Sunday, November 2, 2008

Political Quilts: The 1800s to Today

Before they could vote one of the ways a woman could show her support for a political candidate was by making a quilt.

There are wonderful examples of antique political quilts in museums and from November 6, 2008 to March 29, 2009 there will be a special exhibit, “Partisan Pieces: Quilts of Political and Patriotic Persuasion”, at Women's Museum in Dallas, Texas.

Alyssa Gardina, a member of the museum staff, described the hanging of the quilts in this way, "Seeing these quilts (there are over a dozen) hanging in The Women's Museum is very powerful. As they went up one by one, it was like we were giving voices to even more women and telling their stories. Political quilts were the voices of women before suffrage, and each of these quilts discusses politics in a different way, from the Carolina Lily commemorating the centennial to the more abstract patchwork quilts that leave greater room for interpretation."

I hope you can go as it’s so much better to see the quilts than to look at pictures. But if you can’t get to Dallas you can view a brochure for the exhibit at the International Quilt Study Center and Museum site.

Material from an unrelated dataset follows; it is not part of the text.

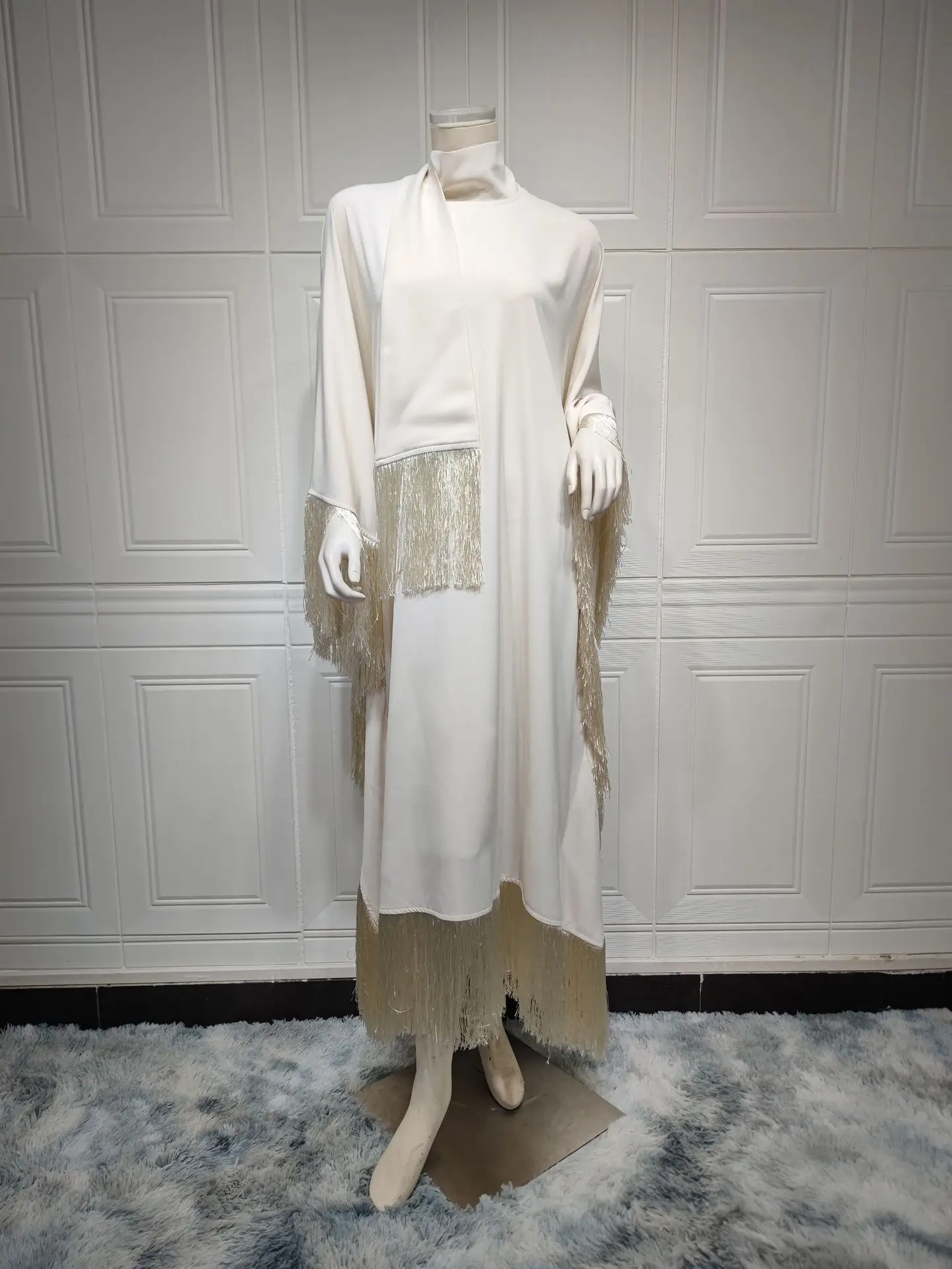 Customized Muslim Woman Bat Sleeve Tassel Abaya Kaftan High Fashion Dresses Modest Party Evening Dress Middle East Muslim Robe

There are some great block names that date back to the middle decades of the 1800s. Many of the classic quilts designs were developed during this time. Since the Whig party and the Democrats were the major parties during that time it’s not surprising that blocks appeared for and against the Whigs.

The tight race between Harrison and Van Buren in 1840 inspired quilters to name a quilt quilt block Tippecanoe. “Tippecanoe and Tyler Too” was a favorite slogan of Harrison supporters as Harrison had been a hero in the battle of Tippecanoe in 1811. Later, at the end of the Whig era Republican, Abraham Lincoln, inspired the pattern, Lincoln’s Platform.

Of course there many were other political quilts made and even the blocks shown to the right have had other names. Quilt names varied quite a bit back then.

Making political quilts didn’t end when women got the vote. Many quilts have been made for the 2008 presidential election. In fact, the International Quilt Festival at Houston has a special exhibit, "Patchwork Politics", on political quilts this year. You can see quilts from this exhibit at Quilt Festival @ Home.

The Carolina Lily quilt, circa 1876 at the top of the page is shown with permission
Courtesy International Quilt Study Center and Museum, University of Nebraska-Lincoln
(All others are by Judy Breneman using EQ6: go to Union Eagle Quilt for the free pattern)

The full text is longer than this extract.